What to work on: The required output is the lines below from the line containing "Die Außenarchitektur des" to the line containing "New 2026 Jeep", inclusive, retyped exactly. No other lines belong in it.

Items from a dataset
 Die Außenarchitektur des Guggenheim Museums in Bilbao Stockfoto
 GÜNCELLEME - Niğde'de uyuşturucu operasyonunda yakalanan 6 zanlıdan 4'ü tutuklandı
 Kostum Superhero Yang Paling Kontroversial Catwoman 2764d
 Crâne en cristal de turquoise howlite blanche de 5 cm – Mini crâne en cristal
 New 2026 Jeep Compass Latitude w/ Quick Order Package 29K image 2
==
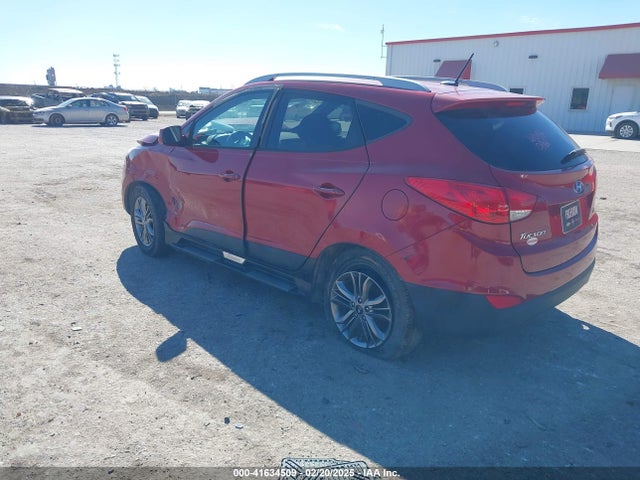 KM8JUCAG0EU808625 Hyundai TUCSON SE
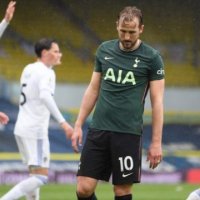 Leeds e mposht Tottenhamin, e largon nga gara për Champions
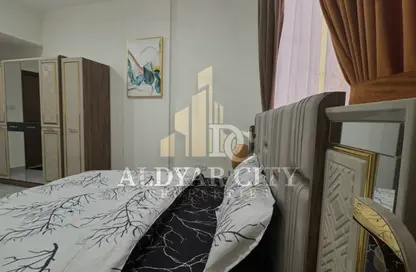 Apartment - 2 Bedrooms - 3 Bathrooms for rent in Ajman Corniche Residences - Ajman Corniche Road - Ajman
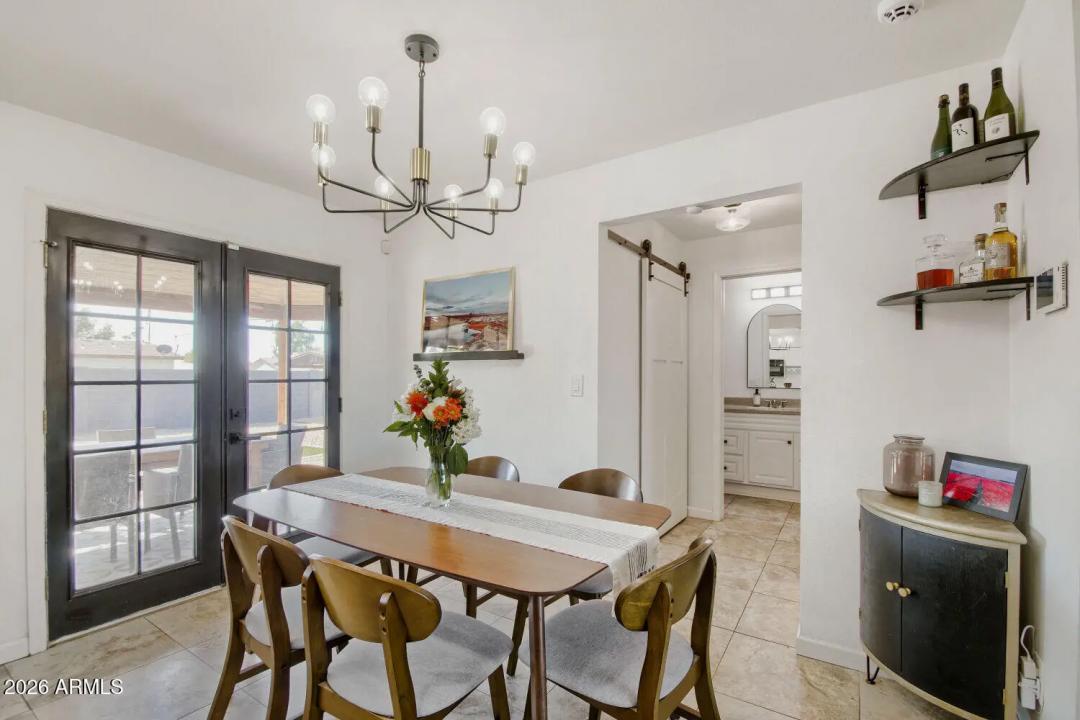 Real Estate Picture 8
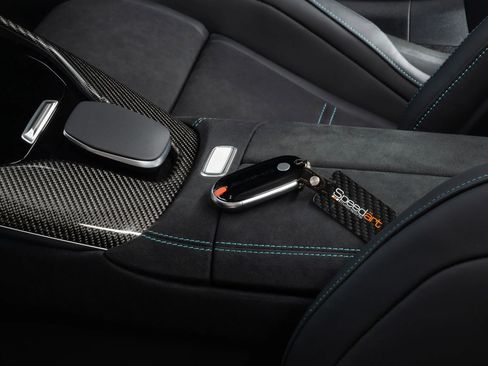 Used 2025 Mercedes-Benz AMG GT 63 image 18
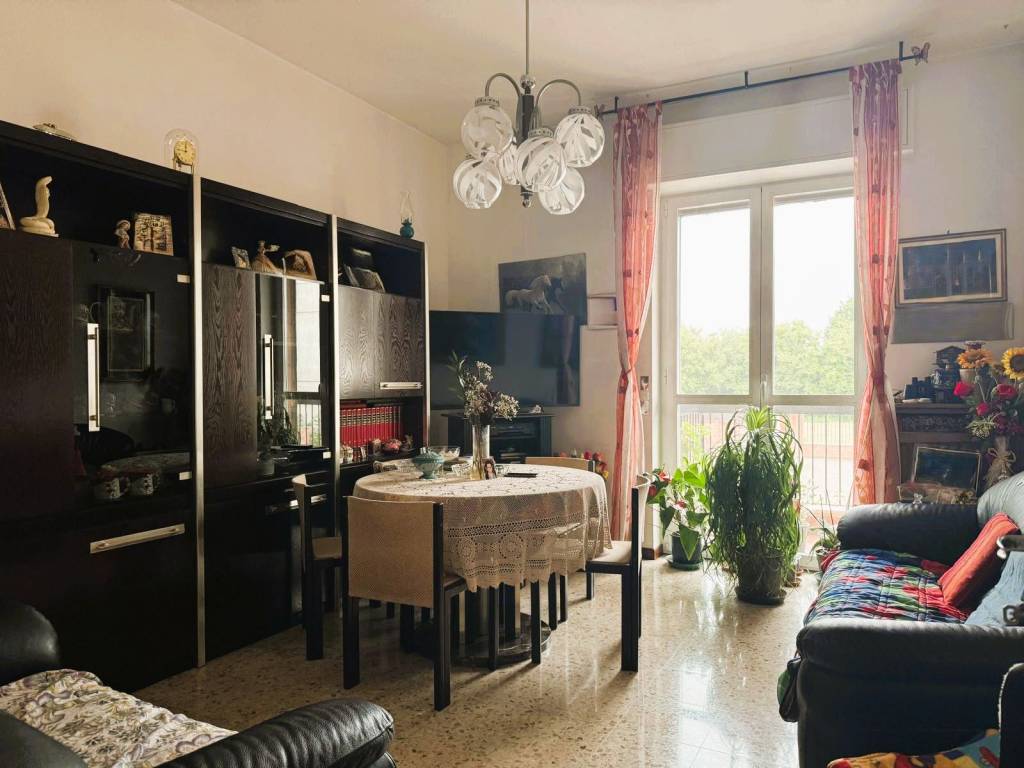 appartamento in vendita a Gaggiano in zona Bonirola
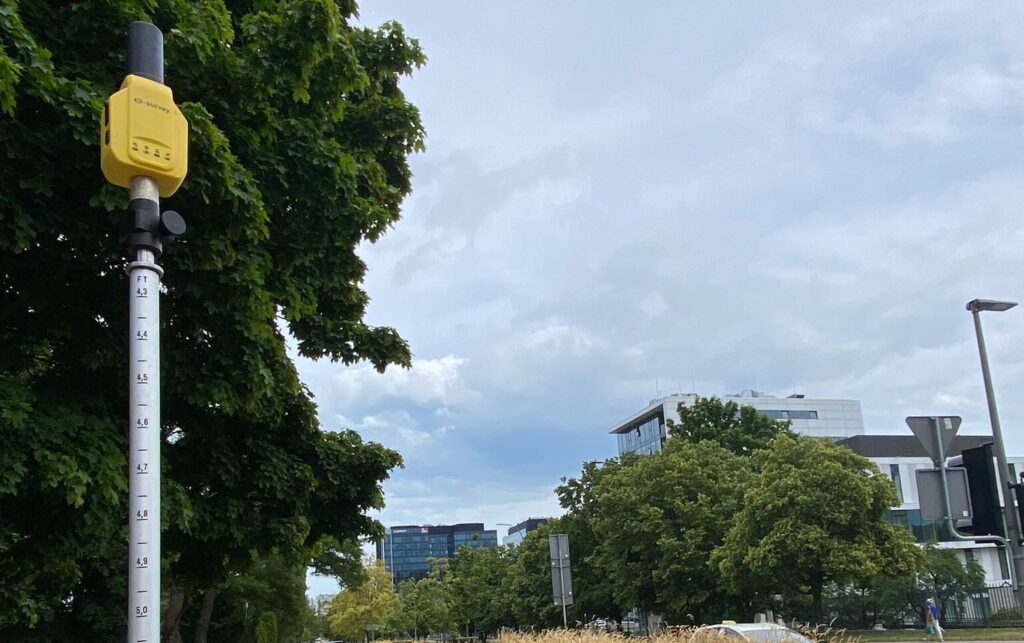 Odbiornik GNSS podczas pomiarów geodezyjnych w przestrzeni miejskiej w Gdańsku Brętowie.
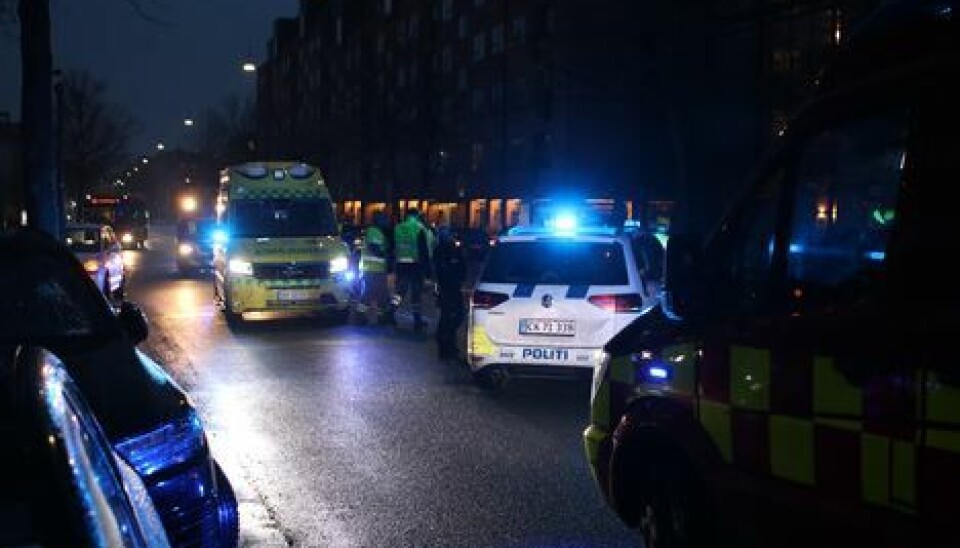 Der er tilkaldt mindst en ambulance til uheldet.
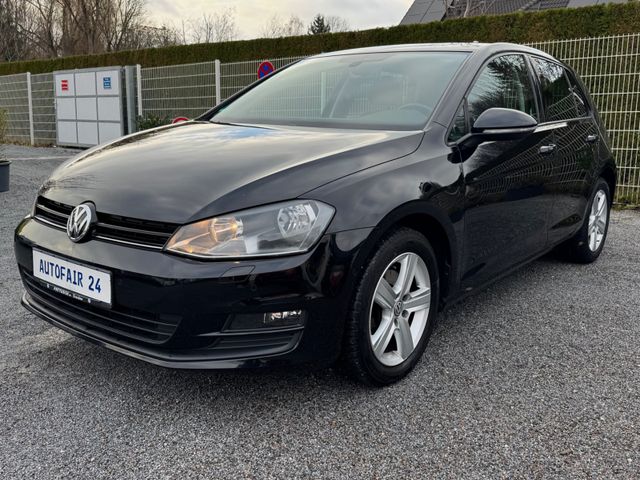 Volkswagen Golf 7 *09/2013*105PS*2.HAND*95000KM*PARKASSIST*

Result:
 Die Außenarchitektur des Guggenheim Museums in Bilbao Stockfoto
 GÜNCELLEME - Niğde'de uyuşturucu operasyonunda yakalanan 6 zanlıdan 4'ü tutuklandı
 Kostum Superhero Yang Paling Kontroversial Catwoman 2764d
 Crâne en cristal de turquoise howlite blanche de 5 cm – Mini crâne en cristal
 New 2026 Jeep Compass Latitude w/ Quick Order Package 29K image 2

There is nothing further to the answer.